Leading the Pack
AIX’s 25-year history sets it apart from competitors
Time really does fly when you’re having fun. Having worked with UNIX since 1988 (starting with SCO UNIX 3.2.2), I've been through the fall spectrum of UNIX Operating Systems. The systems I’ve worked with include Solaris and Hewlett-Packard UniX (HP-UX) and through the years I have achieved certifications in all of the major UNIX operating systems. I actually didn’t start working with AIX until 1999–when I was tasked to deploy a new business system for one of the largest legal-publishing companies in the world. While I was its Director of IT, because of money constraints and the fact that I had the UNIX experience, I took on the added role as UNIX administrator. What made the experience more pleasurable was it included my first exposure to High Availability Cluster Multi-Processing (HACMP), which is now branded as PowerHA. There’s no other high-availability product on the midrange today that can boast the maturity and robustness of PowerHA. One major reason for this is its tight integration with AIX. What is it about AIX that sets it apart from the rest of the pack from the other UNIX systems?
IBM Hardware
IBM Power Systems are tightly integrated with IBM’s UNIX: AIX. They’ve always been and always will be. IBM’s strategy has always been consistent. While other companies’ strategies have been to make their product more open-source and giving it the capability to run on more platforms, IBM has focused on optimizing Power for AIX, and this strategy clearly has worked. As the Watson–the computer that just defeated two of the strongest Jeopardy champions in history–has shown us recently, Power Systems have shown to be the most powerful in the world. In fact, the new IBM Power 795 has been shown to deliver three to four times the performance per core and more than 4 times higher system scalability than either the 128-core HP Integrity SuperDome and the 256-core Sun SPARC Enterprise M9000. The Power 795 and the Power 595 outperform the HP Superdome and Sun M9000 in a variety of benchmarks; including 126,063 SAP users on SAP’s SD 2-Tier benchmark6. The POWER6, 64-core IBM Power 595 server outperforms the 128-core HP Integrity Superdome – more performance with one half of the cores. The 595 also has 90 percent of the performance of the 256-core Sun SPARC Enterprise M9000 – 90 percent of the performance with one fourth of the cores. (See more benchmarks online.
A Roadmap
IBM consistently publishes a roadmap many years in advance as to the future plans for AIX. Why is this important? Enterprise companies that rely on their key systems need to plan appropriately for future releases and also to better understand upcoming innovations that might have relevance in their environment. See Figure 1 for today’s road map, which illustrates where it has come and where it sits today.
Marketshare
When AIX celebrated its 20th anniversary in January 2006, it appeared to have an extremely bright future in the UNIX space. IBM’s AIX had been the only UNIX that increased its market share through the years, and IBM continues to own the market space for UNIX servers. This slide illustrates the success that IBM has had over the past decade, through its myriad of innovations.

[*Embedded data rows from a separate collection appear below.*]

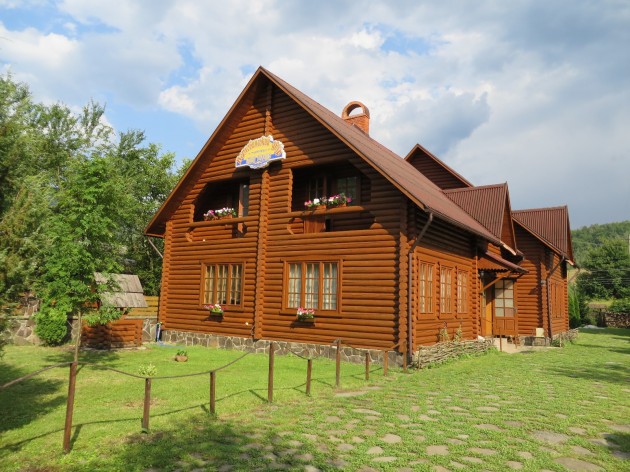 Верховинський двір Верховинський двір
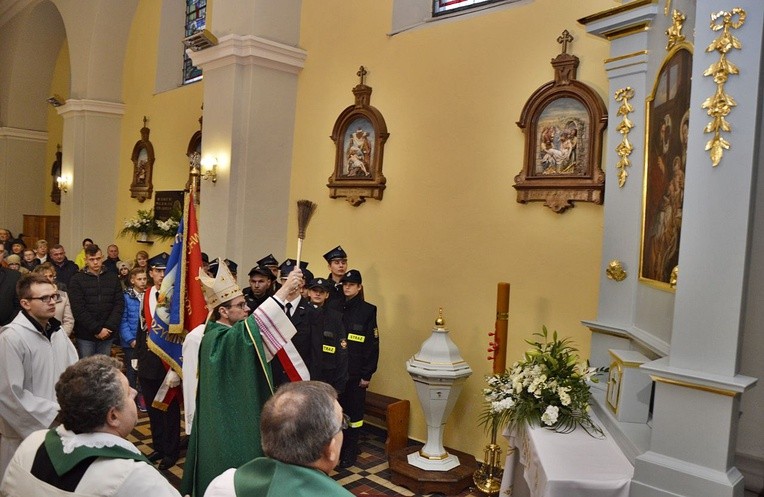 Odnowiony kościół w Radzyminie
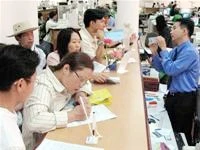 Giá tăng, gửi tiền tiết kiệm không còn... lãi!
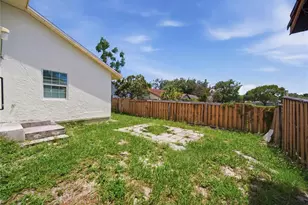 2248 Greenview Cir, Orlando, FL 32808 - Photo 15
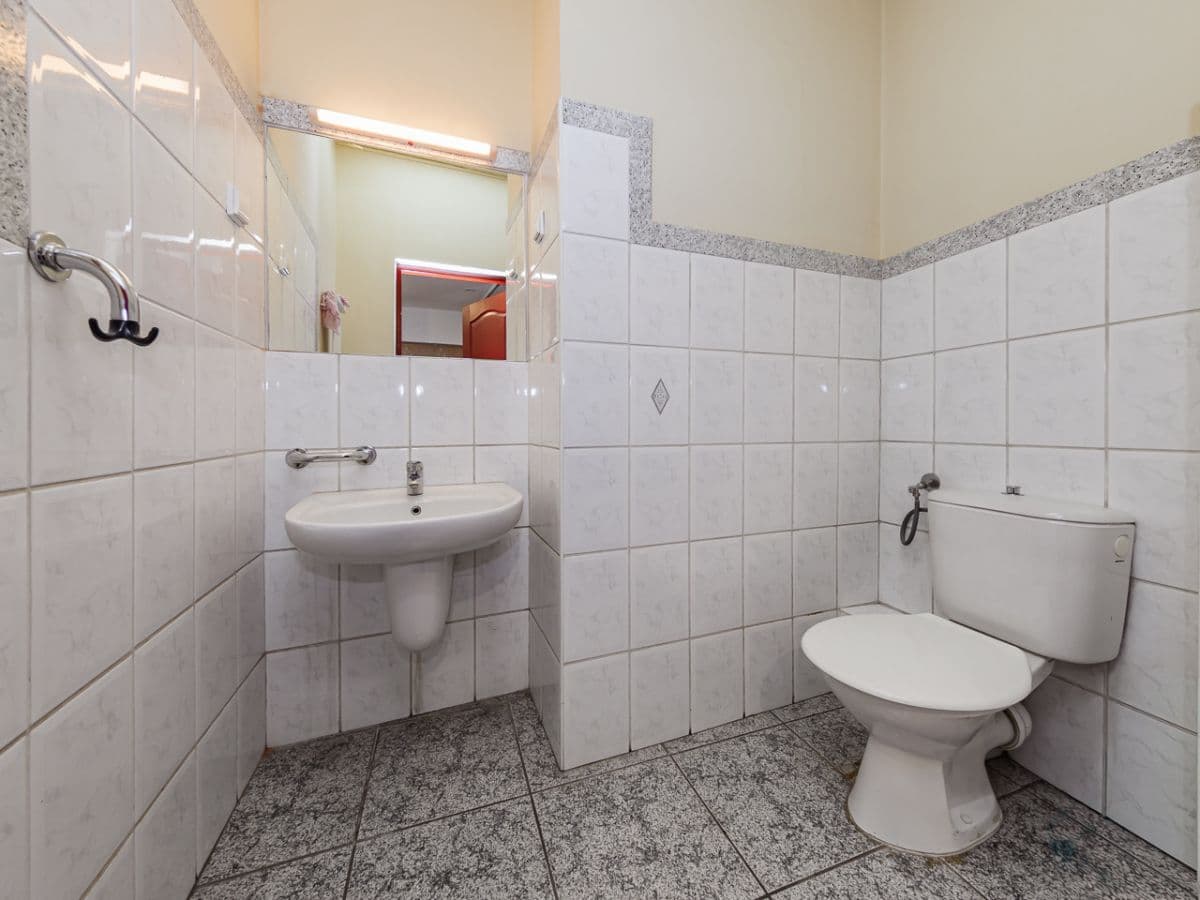 Spacious 180 m² apartment with flexible design options – 13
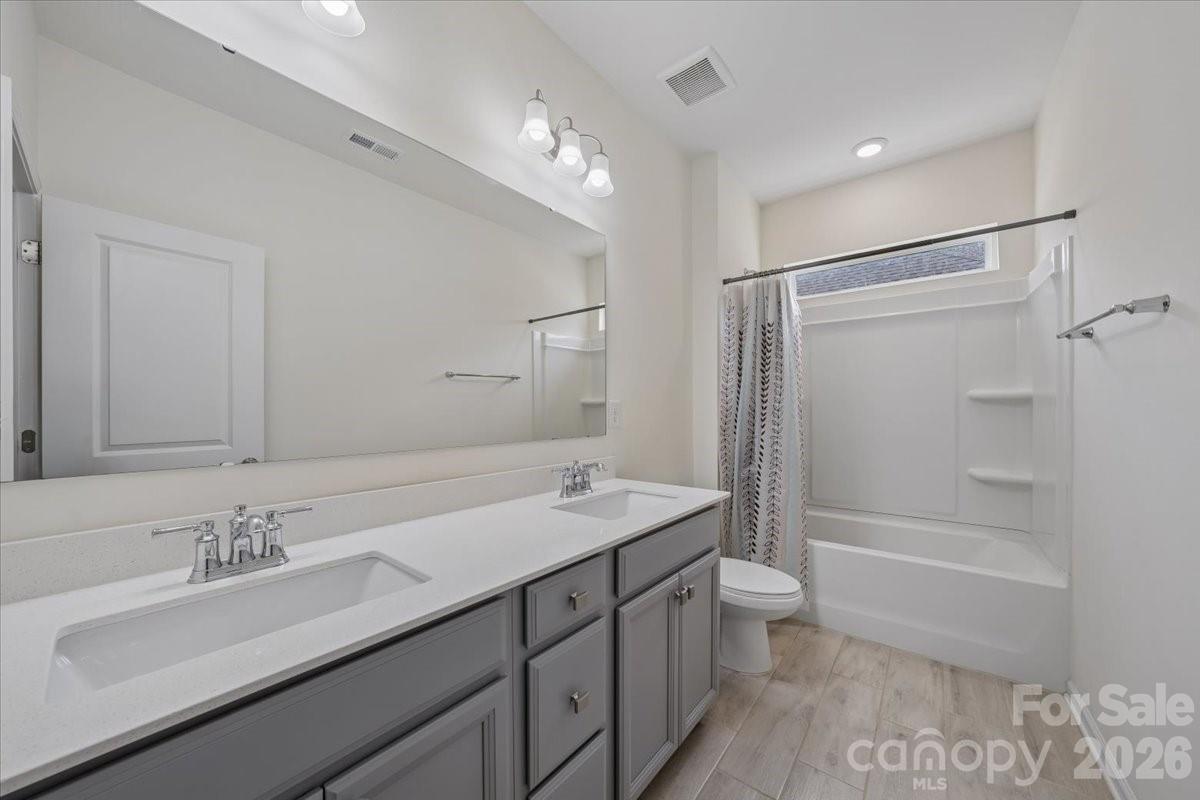 7202 Glenroe Drive — Huntersville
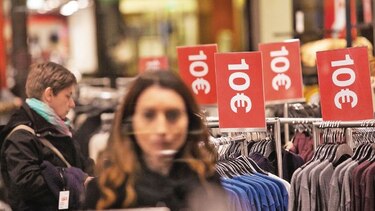 Gasto de los consumidores pierde impulso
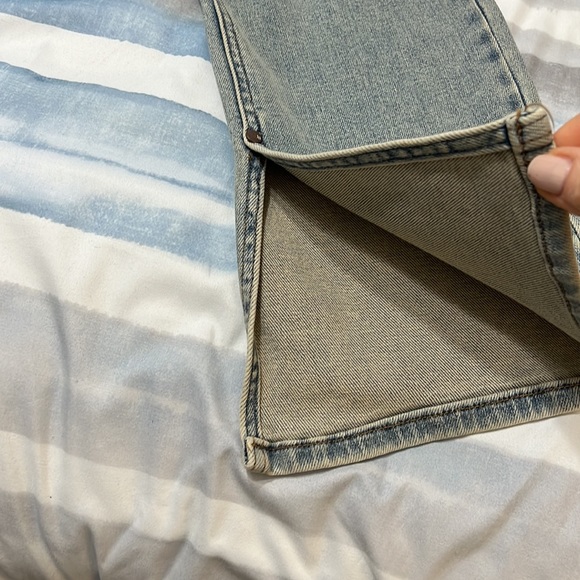 NWT Judy Blue high and waist light blue distressed jeans. NWT size 7/28 - Picture 6 of 10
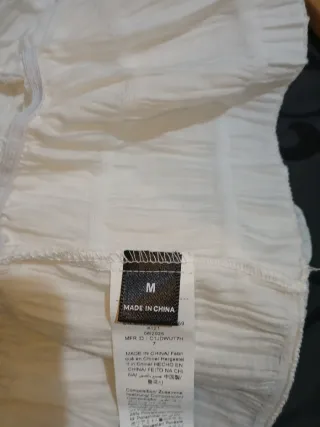 Blusa blanca bohemia volantes manga corta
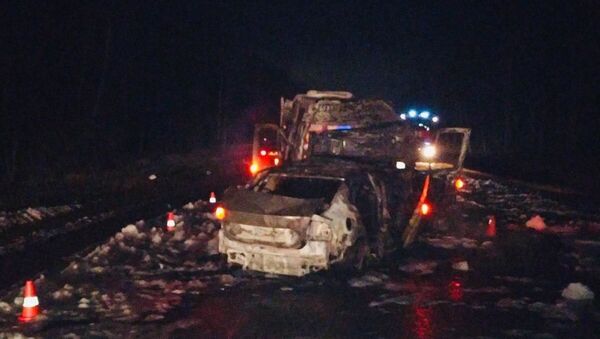 Два автомобиля загорелись на трассе  - Sputnik Беларусь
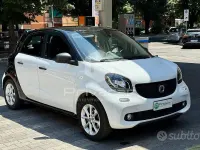 Usata Smart ForFour 71 CV (52 kW) 2018 Bianco Utilitaria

AIX continues to lead the pack in market share of the UNIX operating systems – particularly at the high end. How many companies do you know of that move from AIX to Solaris? Search for case studies and you won’t find any. On the other hand, there are hundreds of published case studies of customers that have moved to Power and AIX. Marketshare is important to customers, because companies don’t want to standardize on products that are failing.
Server consolidation is one of the most important infrastructure projects today. IBM’s Power Systems and AIX are built for the most demanding of server-consolidation projects. Together, they allow customers to scale up, not out, saving money on footprint, power and cooling, as well as staff required to maintain large, unruly server farms.